DATA RECORDS.
----
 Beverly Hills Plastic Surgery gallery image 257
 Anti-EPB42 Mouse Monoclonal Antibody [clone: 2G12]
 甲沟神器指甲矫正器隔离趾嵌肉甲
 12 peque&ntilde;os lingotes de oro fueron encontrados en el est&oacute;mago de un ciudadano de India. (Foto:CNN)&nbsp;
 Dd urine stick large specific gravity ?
----
TASK TO CARRY OUT. From the line containing "甲沟神器指甲矫正器隔离趾嵌肉甲" through the last line of the entries above, print every line exactly, including both ends, and nothing else.

YOUR SOLUTION.
 甲沟神器指甲矫正器隔离趾嵌肉甲
 12 peque&ntilde;os lingotes de oro fueron encontrados en el est&oacute;mago de un ciudadano de India. (Foto:CNN)&nbsp;
 Dd urine stick large specific gravity ?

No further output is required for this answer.